Hej, kolęda, kolęda

dscn8639Rozpoczął się ostatni tydzień przed Bożym Narodzeniem. Byłem miło zaskoczony, kiedy dowiedziałem się, że mam chodzić po kolędzie i błogosławić rodziny. Przyniosło mi to wiele radości, ponieważ pomimo tego, że poczuje się trochę jak w Polsce to i poznam okolice Old Fangak. Ważnym dla mnie było, aby i ludzie przyzwyczaili się do mojej obecności i mnie poznali.

Pierwsze dwa dni chodziłem po rodzinach po drugiej stronie rzeki. Katechista był moim przewodnikiem po nieznanych drogach. Pokazywał gdzie mamy iść, które rodziny odwiedzić (ponieważ jest wiele rodzin protestanckich) oraz dbał o to, aby kanu było gotowe do przeprawy na czas. Niektóre miejsca trzeba było przejść przez wodę i błoto. Jak wam opisywałem wcześniej, ludzie mają wielki respekt do misjonarzy. I tym razem tego doświadczyłem. Za każdym razem, kiedy wychodziłem z błota podbiegał katechista, i obmywał mi nogi. Dla mnie to okropne uczucie i starałem się bronić jak mogłem. Jednak on natarczywie polewał moje nogi wodą do puki nie zniknęło całe błoto z moich stóp. Dodatkowo, gdy kanu było oddalone od brzegu o kilkadziesiąt metrów, nie pozwolono mi wysiąść. Wszyscy wysiedli i pchali kanu ze mną w środku, abym znalazł się jak najbliżej brzegu. Dopiero wtedy mogłem wysiąść. Czasami mnie to złościło, ale więcej radości przynosiło im, kiedy ich słuchałem. Więc się poddałem.

Miałem przygotowaną krótką modlitwę i kropidło w ręce. Ponieważ na terenie jednego podwórka znajduje się kilka chat tej samej rodziny musieliśmy często czekać, aż cała rodzina powychodzi z chat, albo, co najmniej ci, którzy chcą wyjść i się pomodlić. Prosta, krótka modlitwa błogosławieństwa rodziny i domostwa wprowadza zawsze wdzięczność, że święta rozpoczną się nie tylko przygotowaniem zewnętrznym, ale także i duchowym.
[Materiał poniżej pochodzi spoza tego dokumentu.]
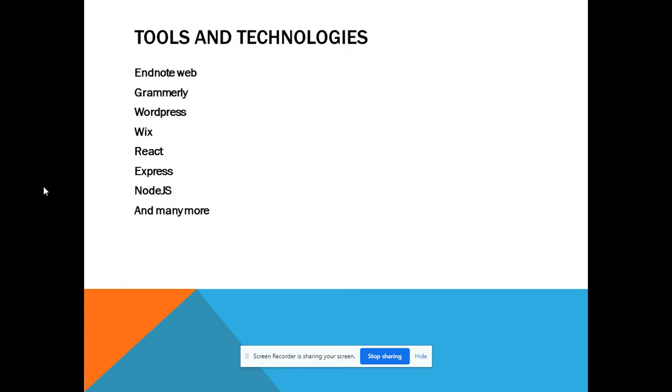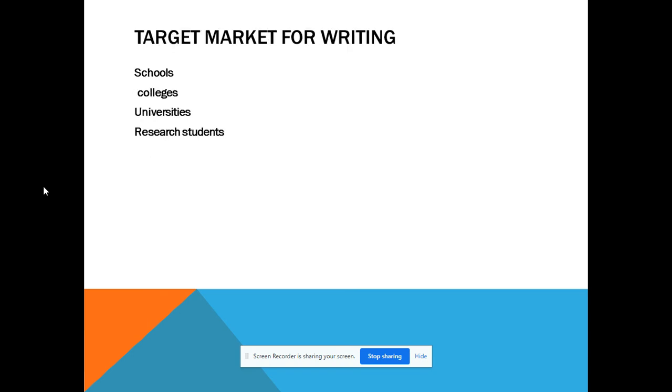Our tools and technologies include EndNote Web for referencing and Grammarly for grammar checking in the writing domain. For websites, we use WordPress and Wix for static sites, and React JS, Express JS, and Node JS for dynamic websites. There are many more technologies we are using.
Jest to także czas, kiedy to kobiety przynoszą błoto z rzeki i odnawiają ściany i podłogi wcierając mokrą maź i czekając aż wyschnie. Na niektórych domach już widnieje napis; szczęśliwego nowego roku 2017. Po modlitwie nałożenie rąk na dzieci, błogosławieństwo i specjalna modlitwa nad chorymi i idziemy dalej. Podczas odwiedzin zastanawiało nas, dlaczego w domu są tylko kobiety i dzieci, gdzie się podziali mężczyźni? Rzadko można było ich spotkać. Widać, że nie są oni przywiązani do domu, a i poligamia gdzie każdy ma po trzy żony i więcej sprawia, że po prostu ich nie ma w domu. Za to pełno ich na targu i ulicach – rozmawiają, grają i dobrze się bawią. Jednak po moim doświadczeniu w Amakuriat, gdzie na Mszy uczestniczą tylko kobiety i dzieci w Old Fangak większość zapełnionego kościoła to właśnie mężczyźni.
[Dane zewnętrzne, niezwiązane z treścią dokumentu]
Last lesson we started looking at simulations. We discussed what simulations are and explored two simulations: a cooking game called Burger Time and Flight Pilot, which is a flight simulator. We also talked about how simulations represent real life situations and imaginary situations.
Dwa dni mi zajęło, aby odwiedzić domostwa po drugiej stronie rzeki, kolejne dwa na Old Fangak, była modlitwa w więzieniu, a w ostatni dzień udaliśmy się do szpitala prowadzonego przez MSF i dr. Jill z Alaski.
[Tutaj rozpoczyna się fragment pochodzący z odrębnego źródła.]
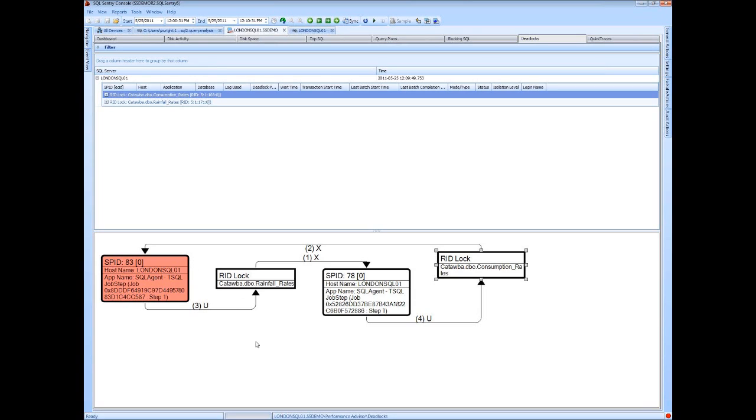You see the deadlock victim here in red. And then these numbers and letters, not just showing you the type of locks, the letters representing those exclusive and update locks and so forth that you see here, but the numbers actually showing you the order in which the locks were applied.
Ponieważ katechista John ma ogród przy rzece to po błogosławieństwie mogliśmy podelektować się arbuzem a potem dobrą rybą i kizdrą czyli plackiem zrobionym z sorgo.

Na pewno te święta będą szczególne nie tylko dla tych ludzi, ale także dla mnie. Byłem wdzięczny Bogu za każdy dzień, dom, rodzinę i osobę, którą w tych dniach spotkałem.